The first model I will try to use is a Gradient Boosting Regression model, imported from Scikit Learn. 

In [83]:
from sklearn.ensemble import GradientBoostingRegressor
GBR = GradientBoostingRegressor()
model = GBR.fit(X_train, y_train.values.ravel())
#Predicting the label of the new data set
prediction = model.predict(X_test)
print(GBR.score(X_test, y_test))

0.10986028296246353


Looks like the Gradient Boosting Regression model wasn't the best for this. I'll try a different model to see if it results in better accuracy. 

In [85]:
from sklearn.ensemble import RandomForestRegressor
RFR = RandomForestRegressor()
model = RFR.fit(X_train, y_train.values.ravel())
#Predicting the label of the new data set
prediction = model.predict(X_test)
print(RFR.score(X_test, y_test))

0.10286005892698447


Hm, didn't seem to like that one either.
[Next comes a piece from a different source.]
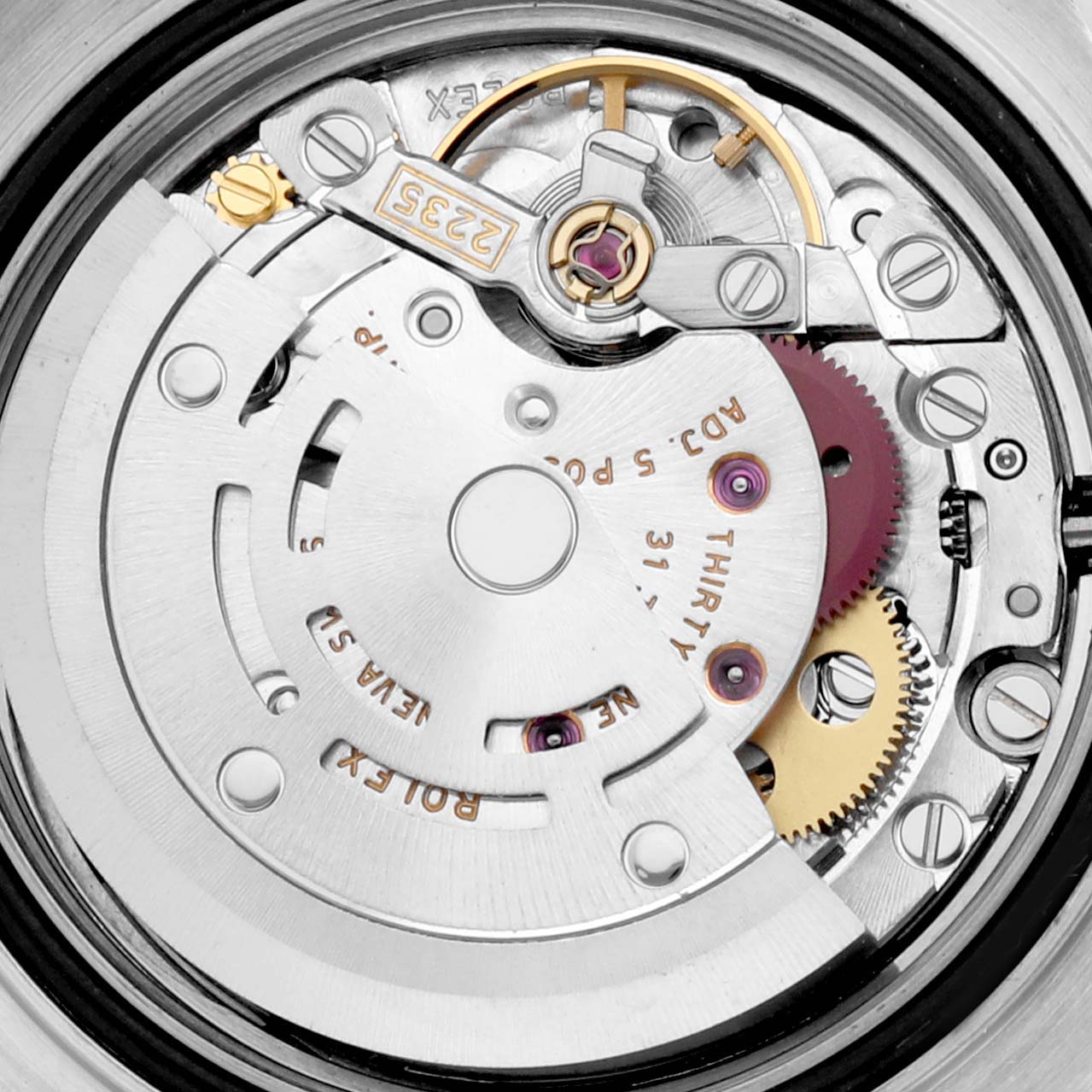 This is a close-up of the movement mechanism inside a Rolex Yacht-Master 169623 Women's Steel and Gold (two tone) Grey Dial 169623 Women's Steel and Gold (two tone) Grey Dial watch, detailing gears and components.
One thing I can think of is that a lot more features were added in prior to creating the models (breaking down the datetime to day, month, and year). This could potentially be a reason for the low accuracy scores. Another reason, as we discussed, could be potentially be overfitting. However, we seem to have plenty of training data so now sure if this is really what's causing this.